Cells were lysed in RIPA buffer (50 mM Tris-HCl pH 7.2, 150 mM NaCl, 1% Igepal, and 0.1% SDS) and the protein concentration was determined using the BCA assay (Thermo Scientific Pierce, USA) to measure the luciferase activity in cells cultured with PDS. The luciferase activity was normalized to the total protein content. All experiments were performed in biological triplicates.

MTT assay

The MTT (3-(4,5-dimethylthiazol 2-yl)−2,5-diphenyltetrazolium bromide) assay was conducted as previously described, with some modifications.

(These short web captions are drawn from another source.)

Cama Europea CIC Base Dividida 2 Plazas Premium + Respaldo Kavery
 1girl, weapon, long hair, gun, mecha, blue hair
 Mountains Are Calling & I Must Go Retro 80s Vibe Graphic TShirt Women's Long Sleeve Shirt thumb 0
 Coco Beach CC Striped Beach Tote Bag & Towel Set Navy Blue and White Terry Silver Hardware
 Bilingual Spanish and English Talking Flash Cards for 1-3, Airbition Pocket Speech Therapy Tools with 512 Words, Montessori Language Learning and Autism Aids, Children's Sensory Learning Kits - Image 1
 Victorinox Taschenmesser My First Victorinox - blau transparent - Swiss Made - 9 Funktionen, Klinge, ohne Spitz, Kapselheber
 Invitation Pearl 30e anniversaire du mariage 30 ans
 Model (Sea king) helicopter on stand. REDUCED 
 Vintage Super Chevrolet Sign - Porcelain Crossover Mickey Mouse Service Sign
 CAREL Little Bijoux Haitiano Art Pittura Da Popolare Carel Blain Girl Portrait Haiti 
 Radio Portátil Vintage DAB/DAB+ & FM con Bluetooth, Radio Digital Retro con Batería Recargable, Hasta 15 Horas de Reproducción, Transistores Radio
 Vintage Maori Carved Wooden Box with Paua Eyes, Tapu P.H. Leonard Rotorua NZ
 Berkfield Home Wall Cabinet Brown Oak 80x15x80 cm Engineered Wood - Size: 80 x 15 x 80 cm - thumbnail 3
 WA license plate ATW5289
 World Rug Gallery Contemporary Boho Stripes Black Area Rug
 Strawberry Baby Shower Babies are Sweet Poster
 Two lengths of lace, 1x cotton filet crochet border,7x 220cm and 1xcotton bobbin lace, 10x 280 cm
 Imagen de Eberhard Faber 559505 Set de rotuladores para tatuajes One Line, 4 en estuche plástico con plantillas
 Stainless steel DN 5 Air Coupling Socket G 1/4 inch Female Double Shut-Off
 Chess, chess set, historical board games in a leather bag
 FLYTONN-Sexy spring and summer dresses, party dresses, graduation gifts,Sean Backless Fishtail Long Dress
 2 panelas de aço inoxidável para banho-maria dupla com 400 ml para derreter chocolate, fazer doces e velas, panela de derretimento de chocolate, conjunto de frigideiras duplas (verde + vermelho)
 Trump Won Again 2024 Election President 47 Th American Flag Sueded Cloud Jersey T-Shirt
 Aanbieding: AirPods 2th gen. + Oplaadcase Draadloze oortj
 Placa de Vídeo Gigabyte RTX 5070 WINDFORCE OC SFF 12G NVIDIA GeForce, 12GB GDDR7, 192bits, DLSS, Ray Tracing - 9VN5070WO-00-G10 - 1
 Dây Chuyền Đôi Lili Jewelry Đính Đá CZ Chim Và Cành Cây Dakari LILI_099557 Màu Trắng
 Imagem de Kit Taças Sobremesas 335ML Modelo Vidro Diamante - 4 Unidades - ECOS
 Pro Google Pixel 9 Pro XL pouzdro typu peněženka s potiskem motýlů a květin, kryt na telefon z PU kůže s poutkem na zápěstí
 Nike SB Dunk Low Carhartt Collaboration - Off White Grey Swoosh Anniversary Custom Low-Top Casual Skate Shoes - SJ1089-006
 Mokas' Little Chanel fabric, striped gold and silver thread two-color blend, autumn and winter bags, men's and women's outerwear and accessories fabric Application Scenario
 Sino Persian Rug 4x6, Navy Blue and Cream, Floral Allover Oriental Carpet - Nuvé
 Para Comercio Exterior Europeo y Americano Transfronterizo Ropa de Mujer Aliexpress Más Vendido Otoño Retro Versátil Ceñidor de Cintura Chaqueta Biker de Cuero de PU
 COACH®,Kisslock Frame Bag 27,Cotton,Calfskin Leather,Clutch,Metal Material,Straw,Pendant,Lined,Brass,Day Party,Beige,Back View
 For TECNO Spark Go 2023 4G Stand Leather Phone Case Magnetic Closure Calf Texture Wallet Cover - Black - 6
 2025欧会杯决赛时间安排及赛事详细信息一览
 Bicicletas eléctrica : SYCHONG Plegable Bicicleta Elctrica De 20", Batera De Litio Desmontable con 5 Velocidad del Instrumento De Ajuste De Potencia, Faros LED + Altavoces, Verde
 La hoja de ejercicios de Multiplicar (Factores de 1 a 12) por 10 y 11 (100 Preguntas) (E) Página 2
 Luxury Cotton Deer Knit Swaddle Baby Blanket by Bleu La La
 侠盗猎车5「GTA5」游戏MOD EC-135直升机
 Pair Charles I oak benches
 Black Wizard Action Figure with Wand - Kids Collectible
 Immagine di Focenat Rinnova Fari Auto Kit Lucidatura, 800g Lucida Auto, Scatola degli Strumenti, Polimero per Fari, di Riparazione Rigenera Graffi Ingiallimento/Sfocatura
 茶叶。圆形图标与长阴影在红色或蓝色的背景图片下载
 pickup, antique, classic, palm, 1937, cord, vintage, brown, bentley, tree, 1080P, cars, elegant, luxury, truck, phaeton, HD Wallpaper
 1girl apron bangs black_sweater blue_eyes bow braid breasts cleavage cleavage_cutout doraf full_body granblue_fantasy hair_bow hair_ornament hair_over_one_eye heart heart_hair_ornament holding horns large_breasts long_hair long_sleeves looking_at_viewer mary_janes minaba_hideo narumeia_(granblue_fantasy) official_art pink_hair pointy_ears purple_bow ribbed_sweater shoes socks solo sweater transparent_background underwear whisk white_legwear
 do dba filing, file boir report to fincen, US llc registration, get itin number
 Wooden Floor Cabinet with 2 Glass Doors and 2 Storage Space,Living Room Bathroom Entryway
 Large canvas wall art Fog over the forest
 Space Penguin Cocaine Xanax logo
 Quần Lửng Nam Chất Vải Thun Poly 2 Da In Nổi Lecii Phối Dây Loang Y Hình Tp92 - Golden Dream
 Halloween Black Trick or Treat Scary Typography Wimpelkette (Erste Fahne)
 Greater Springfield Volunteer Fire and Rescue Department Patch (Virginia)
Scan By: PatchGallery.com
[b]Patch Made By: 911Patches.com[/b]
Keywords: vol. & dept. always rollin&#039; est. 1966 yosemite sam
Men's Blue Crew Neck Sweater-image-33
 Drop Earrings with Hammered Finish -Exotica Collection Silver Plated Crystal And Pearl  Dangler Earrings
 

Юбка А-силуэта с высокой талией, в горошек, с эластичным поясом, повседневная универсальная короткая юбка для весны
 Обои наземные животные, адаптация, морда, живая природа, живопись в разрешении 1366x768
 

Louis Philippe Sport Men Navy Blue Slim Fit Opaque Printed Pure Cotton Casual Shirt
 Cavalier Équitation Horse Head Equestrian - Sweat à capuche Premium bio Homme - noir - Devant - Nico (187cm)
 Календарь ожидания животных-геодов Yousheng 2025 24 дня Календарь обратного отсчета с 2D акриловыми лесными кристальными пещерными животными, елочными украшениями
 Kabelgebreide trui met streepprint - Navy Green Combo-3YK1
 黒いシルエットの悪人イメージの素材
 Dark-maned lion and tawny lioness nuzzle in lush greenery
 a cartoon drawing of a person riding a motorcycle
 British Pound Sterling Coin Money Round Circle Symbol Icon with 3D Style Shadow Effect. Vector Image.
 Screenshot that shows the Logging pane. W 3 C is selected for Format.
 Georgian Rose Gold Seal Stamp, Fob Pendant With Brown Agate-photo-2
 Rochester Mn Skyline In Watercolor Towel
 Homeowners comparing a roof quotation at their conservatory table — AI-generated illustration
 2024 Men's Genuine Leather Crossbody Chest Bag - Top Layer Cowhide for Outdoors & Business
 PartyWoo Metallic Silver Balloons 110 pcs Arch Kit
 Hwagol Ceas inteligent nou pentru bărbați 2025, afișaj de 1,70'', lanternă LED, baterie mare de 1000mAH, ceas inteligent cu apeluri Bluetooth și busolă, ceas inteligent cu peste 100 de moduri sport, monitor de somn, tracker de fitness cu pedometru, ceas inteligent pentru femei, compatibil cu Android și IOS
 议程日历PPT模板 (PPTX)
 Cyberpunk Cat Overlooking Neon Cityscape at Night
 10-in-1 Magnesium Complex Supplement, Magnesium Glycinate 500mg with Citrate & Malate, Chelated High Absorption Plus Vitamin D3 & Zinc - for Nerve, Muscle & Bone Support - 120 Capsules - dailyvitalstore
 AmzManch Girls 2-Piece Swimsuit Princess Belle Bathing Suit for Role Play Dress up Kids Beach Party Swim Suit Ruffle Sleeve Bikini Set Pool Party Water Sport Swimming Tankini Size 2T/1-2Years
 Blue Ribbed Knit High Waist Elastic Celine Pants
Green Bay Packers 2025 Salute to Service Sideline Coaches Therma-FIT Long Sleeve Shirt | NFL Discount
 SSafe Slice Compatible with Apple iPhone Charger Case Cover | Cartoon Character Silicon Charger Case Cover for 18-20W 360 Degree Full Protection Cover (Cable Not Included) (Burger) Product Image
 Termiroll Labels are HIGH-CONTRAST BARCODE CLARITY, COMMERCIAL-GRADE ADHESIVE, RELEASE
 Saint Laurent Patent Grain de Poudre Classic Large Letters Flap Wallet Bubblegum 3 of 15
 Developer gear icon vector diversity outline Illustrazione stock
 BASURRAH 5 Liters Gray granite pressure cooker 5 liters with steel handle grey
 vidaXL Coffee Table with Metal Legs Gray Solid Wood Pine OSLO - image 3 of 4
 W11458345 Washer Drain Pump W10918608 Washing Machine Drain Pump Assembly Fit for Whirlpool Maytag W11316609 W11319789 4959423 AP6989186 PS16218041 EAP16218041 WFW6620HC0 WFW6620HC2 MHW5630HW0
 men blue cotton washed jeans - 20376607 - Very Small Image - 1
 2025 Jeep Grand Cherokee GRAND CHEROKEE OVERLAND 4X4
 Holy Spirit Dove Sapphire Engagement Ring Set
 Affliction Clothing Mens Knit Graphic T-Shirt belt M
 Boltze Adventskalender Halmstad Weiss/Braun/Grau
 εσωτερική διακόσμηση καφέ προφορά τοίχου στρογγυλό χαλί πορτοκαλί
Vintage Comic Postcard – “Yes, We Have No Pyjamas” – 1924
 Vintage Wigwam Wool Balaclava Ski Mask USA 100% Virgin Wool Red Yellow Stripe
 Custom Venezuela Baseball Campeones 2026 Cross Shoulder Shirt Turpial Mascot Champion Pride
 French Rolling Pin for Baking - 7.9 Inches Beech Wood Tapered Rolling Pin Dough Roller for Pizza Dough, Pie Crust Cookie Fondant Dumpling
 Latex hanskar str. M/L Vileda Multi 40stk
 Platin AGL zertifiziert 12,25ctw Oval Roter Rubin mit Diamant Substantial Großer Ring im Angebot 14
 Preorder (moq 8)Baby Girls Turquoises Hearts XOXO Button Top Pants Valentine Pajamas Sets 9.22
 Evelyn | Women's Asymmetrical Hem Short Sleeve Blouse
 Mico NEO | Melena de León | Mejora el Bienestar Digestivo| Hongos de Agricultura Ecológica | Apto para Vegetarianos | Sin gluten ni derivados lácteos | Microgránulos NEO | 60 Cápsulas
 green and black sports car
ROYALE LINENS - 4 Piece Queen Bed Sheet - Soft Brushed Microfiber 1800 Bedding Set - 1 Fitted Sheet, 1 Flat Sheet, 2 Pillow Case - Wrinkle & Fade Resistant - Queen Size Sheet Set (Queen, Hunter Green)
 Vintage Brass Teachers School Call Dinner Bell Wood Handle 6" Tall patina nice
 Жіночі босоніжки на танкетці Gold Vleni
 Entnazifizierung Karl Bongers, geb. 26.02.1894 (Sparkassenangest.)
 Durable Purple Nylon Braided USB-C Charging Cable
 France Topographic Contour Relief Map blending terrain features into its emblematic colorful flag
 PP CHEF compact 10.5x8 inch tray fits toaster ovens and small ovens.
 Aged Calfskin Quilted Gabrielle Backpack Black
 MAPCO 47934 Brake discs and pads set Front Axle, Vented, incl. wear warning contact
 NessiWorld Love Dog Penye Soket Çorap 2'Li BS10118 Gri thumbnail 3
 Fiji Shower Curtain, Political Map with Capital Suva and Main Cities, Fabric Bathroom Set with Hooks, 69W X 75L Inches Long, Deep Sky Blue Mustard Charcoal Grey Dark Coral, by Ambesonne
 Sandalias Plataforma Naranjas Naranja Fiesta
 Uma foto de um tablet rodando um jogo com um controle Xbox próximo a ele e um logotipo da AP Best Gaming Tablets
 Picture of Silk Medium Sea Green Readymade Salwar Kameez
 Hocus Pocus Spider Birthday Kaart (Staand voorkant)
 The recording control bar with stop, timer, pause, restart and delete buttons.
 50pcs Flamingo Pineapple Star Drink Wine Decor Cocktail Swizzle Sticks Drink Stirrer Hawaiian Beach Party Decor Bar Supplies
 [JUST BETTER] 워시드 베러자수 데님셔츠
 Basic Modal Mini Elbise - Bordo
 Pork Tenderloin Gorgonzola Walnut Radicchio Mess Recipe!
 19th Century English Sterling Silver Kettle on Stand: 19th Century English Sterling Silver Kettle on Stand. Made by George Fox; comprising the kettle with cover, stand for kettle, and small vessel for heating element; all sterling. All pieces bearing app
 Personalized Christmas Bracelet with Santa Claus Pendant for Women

Briefly, Vero cells were cultured on 96-well plates at a density of 1 × 104 cells/well in Dulbecco’s Modified Eagle’s Medium (DMEM) supplemented with 10% foetal bovine serum at 37 °C in a humidified atmosphere containing 5% CO2. When the cells reached approximately 60% confluence, the media was replaced with 200 μL of fresh DMEM containing different concentrations of PDS. After a 20 h incubation, 20 μL of a freshly dissolved solution of MTT (5 mg/mL in PBS) were added to each well. After a 4 h incubation, 150 μl of DMSO were added to each well to dissolve the MTT crystals. Finally, the absorbance was recorded at 490 nm with a Multi-Mode Microplate Reader (Thermo Scientific, USA). All experiments were performed in biological triplicates.